INPUT:
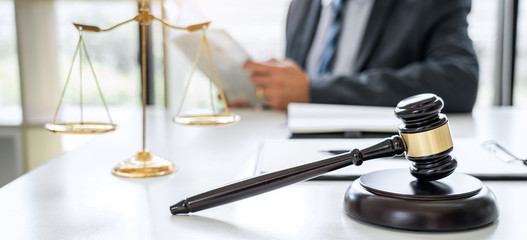 Counselor in suit or lawyer working on a documents in courtroom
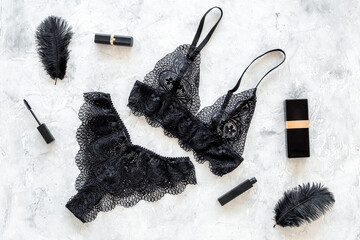 Beautiful womens lace underwear. Black lingerie set with accessories, top view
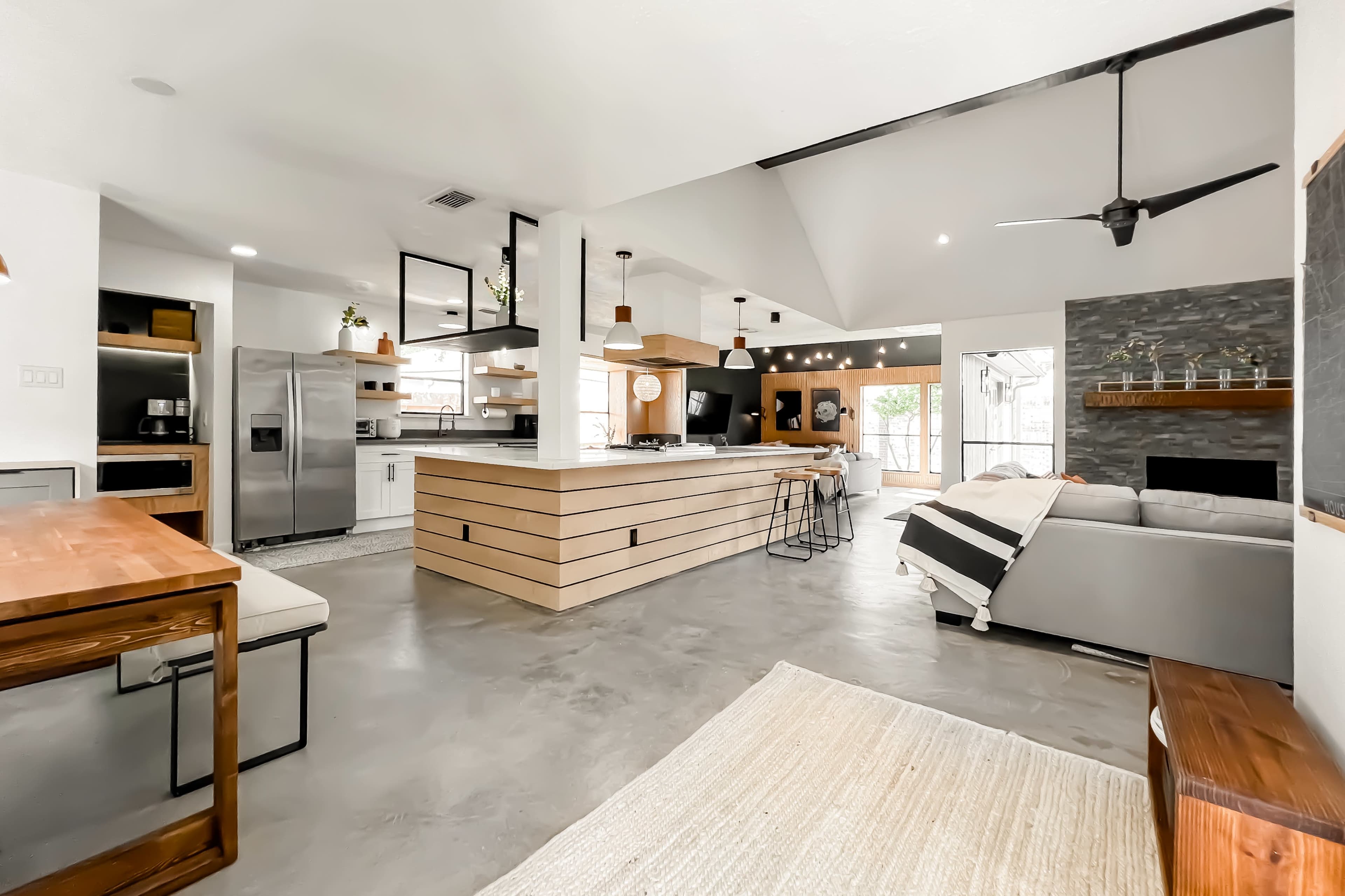 A modern kitchen and living area featuring an open layout with a large island, a dining table, and a cozy seating area.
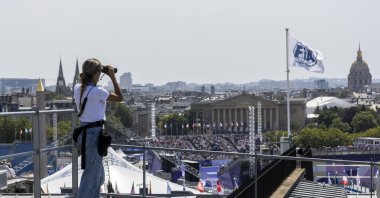 Vanesa Pena of the Spanish Civil Guard (Guardia Civil) uses binoculars as she keeps watch from a roof at Place de la Concorde, Paris, France, July 31, 2024. (EPA Photo)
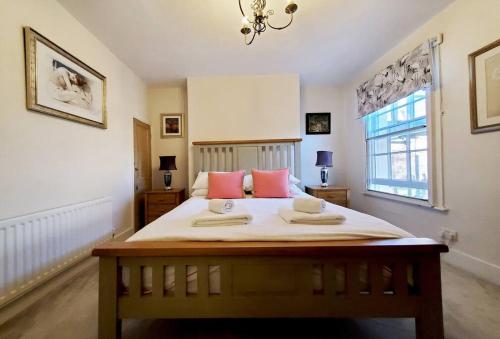 Schlafzimmer mit einem Bett mit rosa Kissen und einem Fenster in der Unterkunft Shrewsbury 3 Bedroom Abbey Foregate in Shrewsbury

TRY IT: Write the listing above out again exactly, but not the images it holds.

FINAL ANSWER:
 Counselor in suit or lawyer working on a documents in courtroom
 Beautiful womens lace underwear. Black lingerie set with accessories, top view
 A modern kitchen and living area featuring an open layout with a large island, a dining table, and a cozy seating area.
 Vanesa Pena of the Spanish Civil Guard (Guardia Civil) uses binoculars as she keeps watch from a roof at Place de la Concorde, Paris, France, July 31, 2024. (EPA Photo)
 Schlafzimmer mit einem Bett mit rosa Kissen und einem Fenster in der Unterkunft Shrewsbury 3 Bedroom Abbey Foregate in Shrewsbury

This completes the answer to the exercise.